Information Extraction
Motivation
Most knowledge in text is expressed in free-form natural language, not structured databases. Information extraction (IE) converts unstructured text into structured representations: entities, their types, and the relations among them. IE is the foundation of knowledge graph construction, question answering over documents, and many downstream NLP applications.
Named Entity Recognition
Named entity recognition (NER) identifies spans of text that refer to named entities and classifies each span into a category such as person, organization, location, date, or quantity.
For the sentence “Apple was founded by Steve Jobs in Cupertino”:
| Span | Type |
|---|---|
| Apple | ORG |
| Steve Jobs | PER |
| Cupertino | LOC |
Sequence Labeling
NER is typically formulated as sequence labeling: each token receives a tag from a scheme such as BIO:
- B-TYPE: beginning of a named entity of the given type.
- I-TYPE: continuation of a named entity of the given type.
- O: not part of any entity.
A bidirectional LSTM followed by a conditional random field (CRF) output layer (Lample et al. 2016) was the dominant architecture before transformers. The CRF models dependencies between adjacent output labels — for example, enforcing that an I-tag must follow a B-tag or I-tag of the same type — improving span-level consistency.
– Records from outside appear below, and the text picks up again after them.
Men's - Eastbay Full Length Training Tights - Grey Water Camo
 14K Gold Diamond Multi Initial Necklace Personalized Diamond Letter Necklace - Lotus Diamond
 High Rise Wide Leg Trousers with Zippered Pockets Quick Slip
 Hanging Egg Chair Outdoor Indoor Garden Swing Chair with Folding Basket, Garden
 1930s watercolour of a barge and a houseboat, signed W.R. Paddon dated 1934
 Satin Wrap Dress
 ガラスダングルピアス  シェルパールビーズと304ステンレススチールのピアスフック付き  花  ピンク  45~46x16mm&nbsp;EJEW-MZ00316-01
Modern systems instead feed contextual embeddings from a pretrained transformer encoder into a linear head or CRF, achieving substantially higher accuracy with less task-specific engineering.
Evaluation
NER is evaluated at the span level: a prediction is correct only if both the span boundaries and the entity type match the gold annotation. The primary metrics are precision, recall, and F1 computed over spans. Token-level F1 (which credits partial span matches) is sometimes reported but is a looser measure.
Relation Extraction
Relation extraction (RE) identifies semantic relations between pairs of named entities. Given entities \(e_1\) and \(e_2\) appearing in the same sentence or document, the task is to determine whether a relation \(r\) holds and, if so, which one.
Example: “Marie Curie was born in Warsaw” → (Marie Curie, bornIn, Warsaw).
RE is often pipelined after NER: first identify entity mentions, then classify pairs. End-to-end models that jointly extract entities and relations have become more common with transformer-based encoders, avoiding the error propagation that affects pipelined systems.
Slot Filling and Template Filling
Slot filling extracts values for a fixed schema from text. Given a template such as
{PERSON} was born on {DATE} in {PLACE}.
the system fills the slots by identifying the appropriate spans. This is a restricted form of RE useful for well-defined extraction tasks: résumé parsing, event detection, and product attribute extraction.
Document-Level Information Extraction
Entities and relations often span paragraphs and documents, not just individual sentences. Document-level IE must resolve coreference — recognizing that “she”, “the researcher”, and “Marie Curie” all refer to the same entity — and aggregate evidence across multiple mentions to populate a knowledge base.
Modern document-level systems use long-context transformer encoders whose attention allows evidence from different sentences to interact, enabling extraction of relations that are only inferable by reading across the document.